EGO-1, a putative RNA-dependent RNA polymerase, is required for heterochromatin assembly on unpaired DNA during C-elegans meiosis

During meiosis in C. elegans, unpaired chromosomes and chromosomal regions accumulate high levels of histone H3 lysine 9 dimethylation (H3K9me2), a modification associated with facultative heterochromatin assembly and the resulting transcriptional silencing [1, 2]. Meiotic silencing of unpaired DNA may be a widely conserved genome defense mechanism [3-5]. The mechanisms of meiotic silencing remain unclear, although both transcriptional and posttranscriptional processes are implicated [3-5]. Cellular RNA-dependent RNA polymerases (RdRPs) function in development and RNA-mediated silencing in many species [3,6, 7] and in heterochromatin assembly in S. pombe [3, 8]. There are four C. elegans RdRPs, including two with known germline functions.

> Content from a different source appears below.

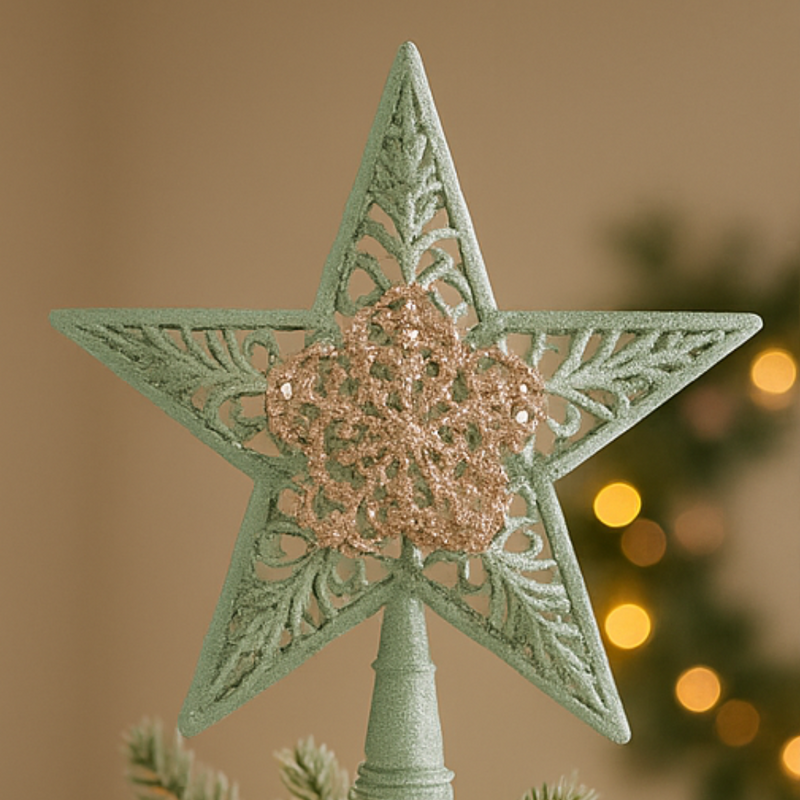 Decorative star ornament with a heart in the center on a blurred Christmas tree background.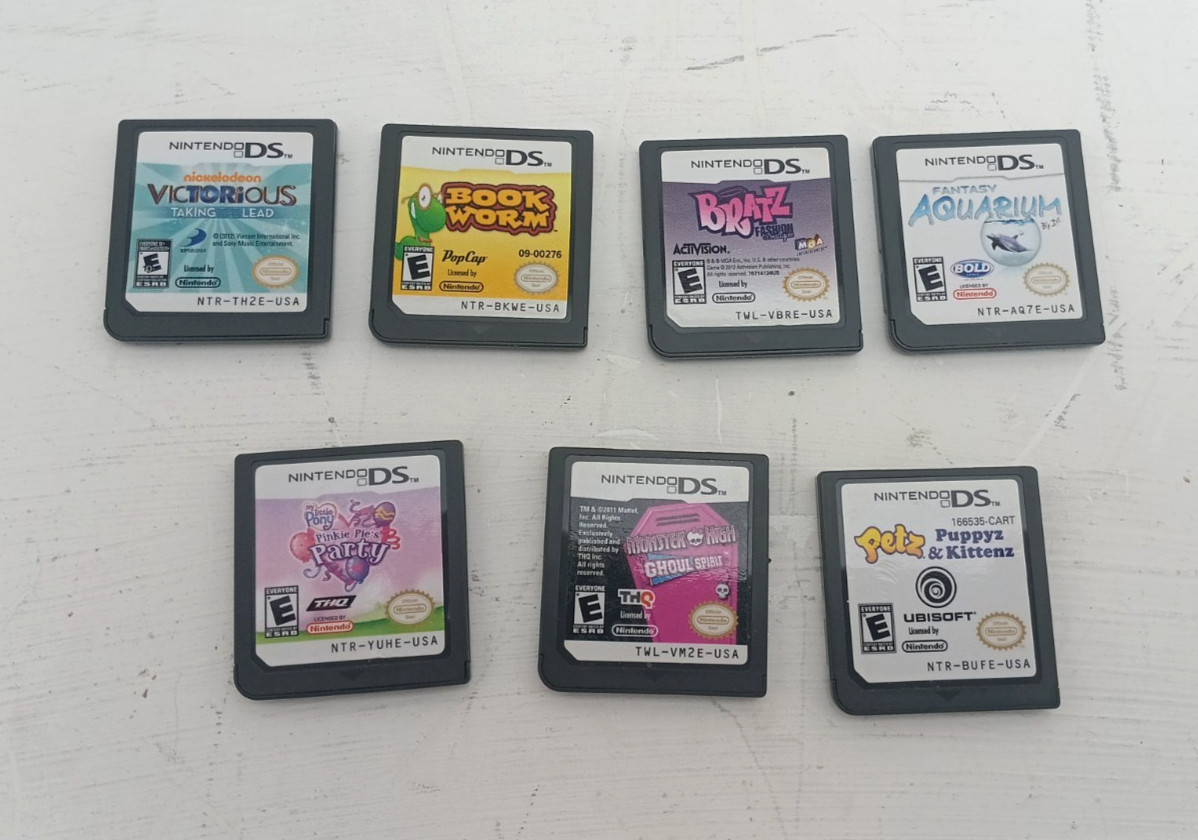 Nintendo DS lite pink console bundle w/ 7 games – Tested “read”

EGO-1 is required for fertility and robust germline RNAi [9-11]. RRF-3 acts genetically to repress RNAi and is required for normal meiosis and spermatogenesis at elevated temperatures [12] (S. L'Hernault, personal communication). Among C. elegans RdRPs, we find that only EGO-1 is required for H3K9me2 enrichment on unpaired chromosomal regions during meiosis. This H3K9me2 enrichment does not require Dicer or Drosha nuclease or any of several other proteins required for RNAi. ego-1 interacts genetically with him-17, another regulator of chromatin and meiosis [13], to promote germline development. We conclude that EGO-1 is an essential component of meiotic silencing in C. elegans.